What exactly was this link supposed to prove-that Bush is capable of making vague claims without providing any evidence? We already knew that.

In addition, that link is about the USA PATRIOT act and has little to do with the NSA wiretapping (as put forth in other threads, I believe by Bricker, the two are separate and distinct and should not be confused).

Even so, the two examples given in the article do not bolster the argument. One has to keep in mind that people that argue against the USA PATRIOT act are, to my knowledge, concerned with specific provisions, not the entire thing. The first example given concerns sharing knowledge between agencies; while there are legitamate issues with separating foreign/domestic information, I honestly believe that few people think streamlining agencies is an inherently bad thing.
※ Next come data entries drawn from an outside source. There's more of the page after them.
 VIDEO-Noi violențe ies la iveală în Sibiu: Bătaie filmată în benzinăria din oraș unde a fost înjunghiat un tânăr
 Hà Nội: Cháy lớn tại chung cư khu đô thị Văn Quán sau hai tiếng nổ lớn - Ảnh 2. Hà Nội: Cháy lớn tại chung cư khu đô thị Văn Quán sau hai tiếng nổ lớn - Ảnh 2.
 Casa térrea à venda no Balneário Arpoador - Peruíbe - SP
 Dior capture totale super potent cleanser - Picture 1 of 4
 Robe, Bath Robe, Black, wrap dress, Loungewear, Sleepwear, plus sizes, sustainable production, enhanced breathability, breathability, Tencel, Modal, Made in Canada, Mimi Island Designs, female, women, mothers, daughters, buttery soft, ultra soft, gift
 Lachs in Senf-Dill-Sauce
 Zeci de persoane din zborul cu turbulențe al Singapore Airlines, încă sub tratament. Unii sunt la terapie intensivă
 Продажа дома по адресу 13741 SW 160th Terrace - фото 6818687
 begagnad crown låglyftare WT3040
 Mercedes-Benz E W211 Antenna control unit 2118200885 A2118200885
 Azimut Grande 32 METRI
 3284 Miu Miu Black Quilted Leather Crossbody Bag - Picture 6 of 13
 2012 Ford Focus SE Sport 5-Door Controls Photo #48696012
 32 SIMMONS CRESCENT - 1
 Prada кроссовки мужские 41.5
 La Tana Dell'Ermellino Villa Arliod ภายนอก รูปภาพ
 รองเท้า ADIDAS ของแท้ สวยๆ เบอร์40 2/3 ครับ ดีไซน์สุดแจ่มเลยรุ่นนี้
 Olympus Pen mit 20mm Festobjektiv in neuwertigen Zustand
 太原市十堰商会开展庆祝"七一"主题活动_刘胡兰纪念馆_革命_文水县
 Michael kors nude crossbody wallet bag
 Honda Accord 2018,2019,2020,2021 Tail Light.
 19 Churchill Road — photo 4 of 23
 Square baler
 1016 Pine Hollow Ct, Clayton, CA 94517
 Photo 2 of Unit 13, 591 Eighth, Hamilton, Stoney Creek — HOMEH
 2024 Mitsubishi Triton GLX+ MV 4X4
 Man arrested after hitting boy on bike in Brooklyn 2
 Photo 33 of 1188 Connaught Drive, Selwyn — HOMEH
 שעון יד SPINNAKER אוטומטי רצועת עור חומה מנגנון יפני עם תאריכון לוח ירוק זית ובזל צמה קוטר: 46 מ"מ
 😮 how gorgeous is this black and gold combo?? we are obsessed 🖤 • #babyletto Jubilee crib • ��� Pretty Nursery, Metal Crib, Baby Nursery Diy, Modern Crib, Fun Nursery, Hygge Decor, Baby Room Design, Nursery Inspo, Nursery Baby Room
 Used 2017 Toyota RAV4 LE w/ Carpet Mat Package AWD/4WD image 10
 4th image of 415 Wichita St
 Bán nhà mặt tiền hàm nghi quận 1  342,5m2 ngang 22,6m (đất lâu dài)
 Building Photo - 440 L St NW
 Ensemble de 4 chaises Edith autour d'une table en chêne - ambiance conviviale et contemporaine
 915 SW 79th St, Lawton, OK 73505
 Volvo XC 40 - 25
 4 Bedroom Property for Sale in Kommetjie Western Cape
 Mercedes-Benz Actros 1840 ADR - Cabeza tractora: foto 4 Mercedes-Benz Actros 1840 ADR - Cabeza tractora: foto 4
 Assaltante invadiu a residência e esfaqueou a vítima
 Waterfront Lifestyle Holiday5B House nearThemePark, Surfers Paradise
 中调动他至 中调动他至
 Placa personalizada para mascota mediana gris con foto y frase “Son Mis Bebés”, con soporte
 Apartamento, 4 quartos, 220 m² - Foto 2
As to the second example given, I’m not sure what provisions of the USA PATRIOT act were actually in play. However, given the information in the article, the two were specifically not charged with terrorist activities, but with “lying to FBI investigators” and “immigration violations”. Furthermore, it seems as though the case was not terribly strong, being characterized as a “witch-hunt”.

If that’s the best there is, I personally find it lacking as evidence of anything.

Which (leaving aside the weakness of the second example) has absolutely nothing to do with illegal activities by the Executive, since the PATRIOT Act was actually passed by Congressed and signed into law.

I have made no claim that there is no threat to harm the U.S. from terrorists. I simply note that the threat from terrorism does not seem to be actually larger than the genuine violence against citizens in which this country has engaged in the last 208 years. (And I will further note that the violence carried out against citizens does not actually seem to have resulted in the prevention of harm to the U.S., in the past, only the diminution of civil rights.)